As a graduate of the University of Pittsburgh, I thought that our panther statue ("Roc") would make a rather handsome subject for this project. With a standard digital camera that we had at the office, I shot 53 photos of the statue from all angles. It took all of 6 minutes to capture the scene.
From there I uploaded the images to my Autodesk 360 account, selected them all, and told ReCap Photo to create a 3d model. I selected "Standard" quality (~35 minutes for my scene) and told it to export a .obj file.
After a short wait, I received an email telling me my model was ready. It looked great. 3d model in hand, it was time to clean it up for printing. In my case, this involved removing things like trees and buildings from the model to focus on just the statue. For this task, I chose Autodesk Meshmixer.

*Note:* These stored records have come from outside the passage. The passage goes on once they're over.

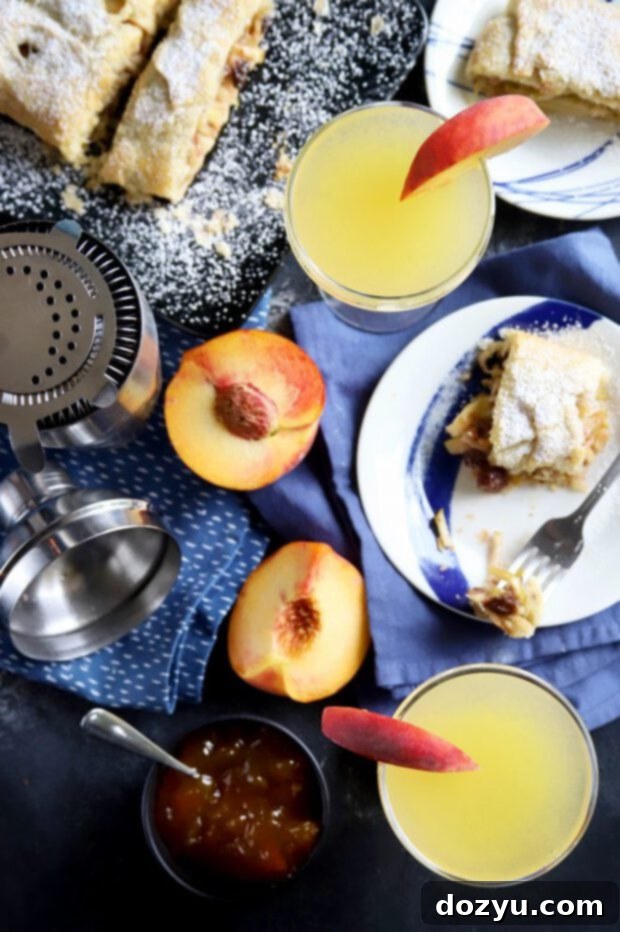 Overhead photograph of brunch spread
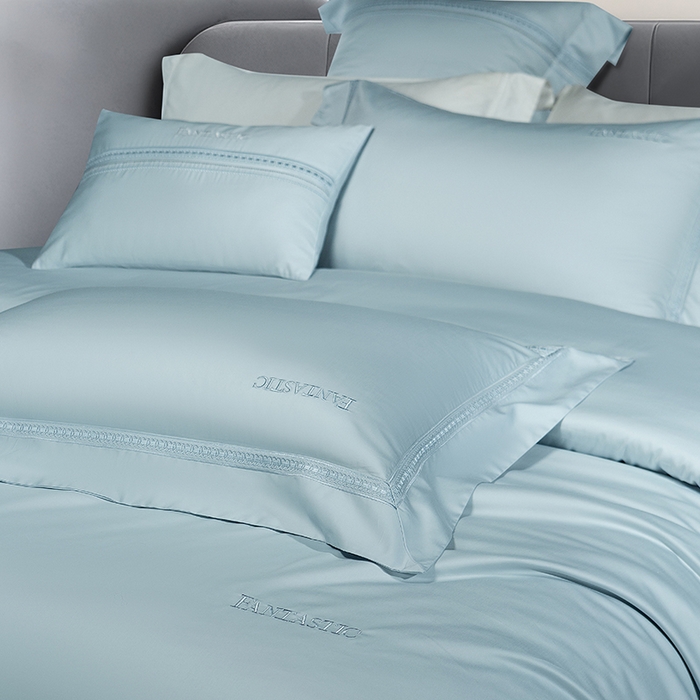 91家纺网 家纺一手货源 找家纺 诗黛尔 2026春夏新款长绒棉刺绣四件套-逸美系列 逸美-极光蓝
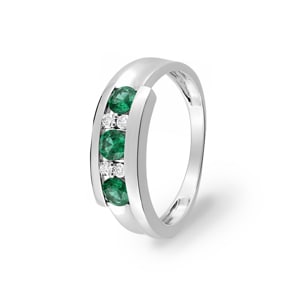 Ring 750/18 K Weissgold mit Smaragden und Diamanten 0.07ct.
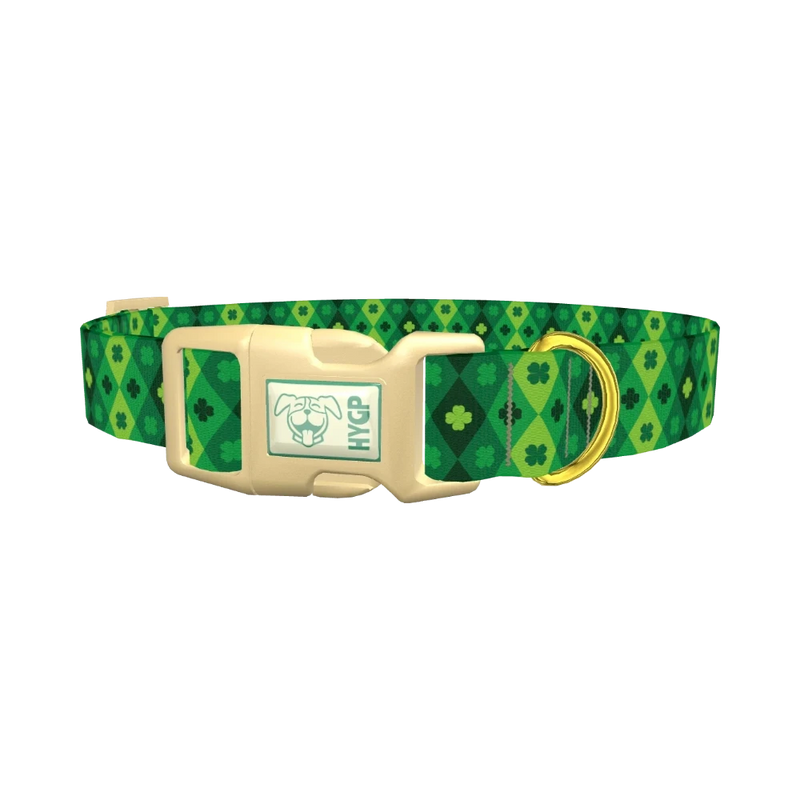 Geometric Clover Dog Collar - plastic gold
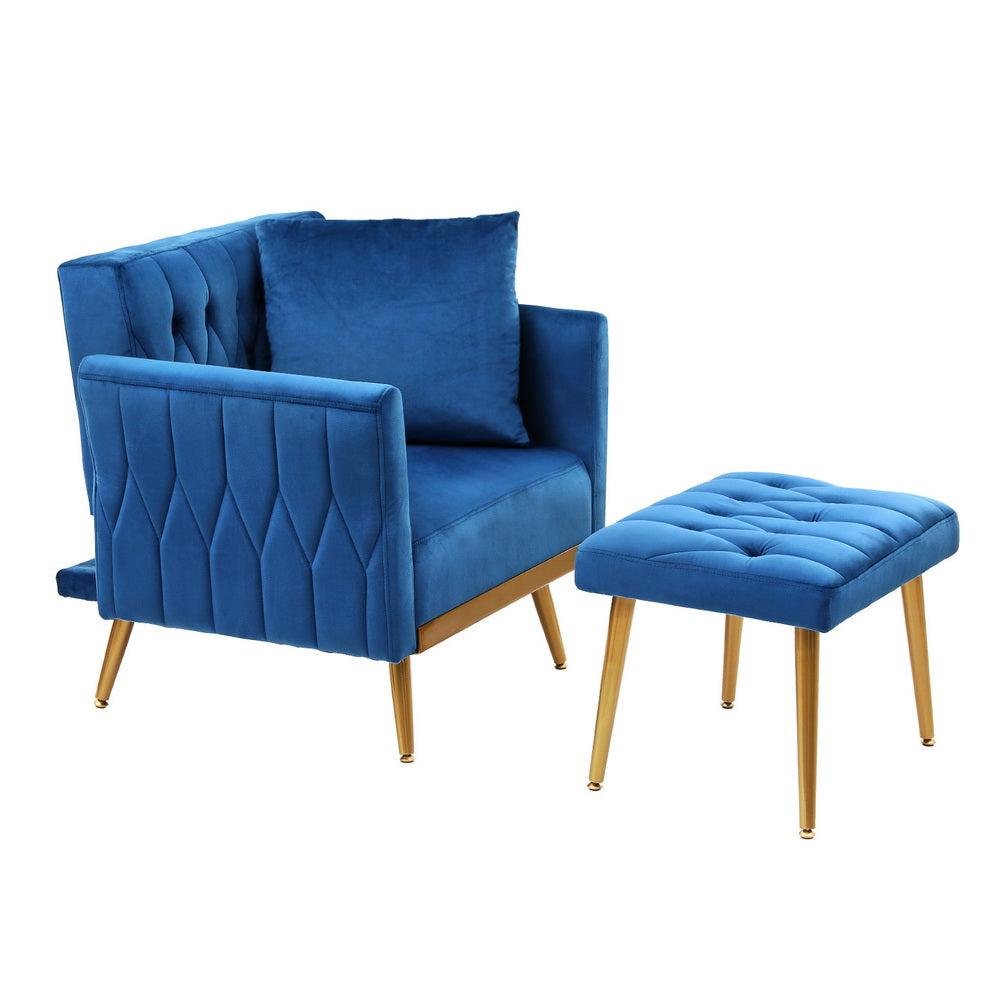 Armchair Ottoman Accent Chair Pillow Velvet Blue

I downloaded the .obj file from Autodesk 360 and loaded it into Meshmixer. If you aren't familiar with an application like Meshmixer, there may be a slight learning curve. There are some good tutorials available on the Meshmixer site. (The "Inspector" feature is your friend.) This step took well under an hour from start to finish.
Once I had a watertight mesh (no holes), I was ready to print. I saved my file as an .stl, tossed it onto a USB drive, and headed over to TechShop. TechShop is a place where makers go to make things. Whereas some people join a gym for a monthly fee to use their exercise equipment, TechShop members pay a monthly fee to use their tools. They have an abundance of them.
At TechShop I imported my .stl into MakerWare. From there it was as simple as picking a good size for my object and hitting "Print." I chose a medium quality setting, and about an hour later, I had my own little Roc statue.
- Total time: < 3 hours
- Total cost: ~$2.00 for materials (the plastic media for the printer)
While I chose 3d printing, there are unlimited other uses once you have your 3d model. You could model a piece of furniture and import it into Revit. You could model a part for use in Inventor. You could model a character which you then animate in Maya... The sky is the limit.
* Note: For the sake of time, I kept quality settings down from start to finish. Much higher resolutions are supported in all phases of this process.
Capture, cleanup, and reproduction are alive in the lab.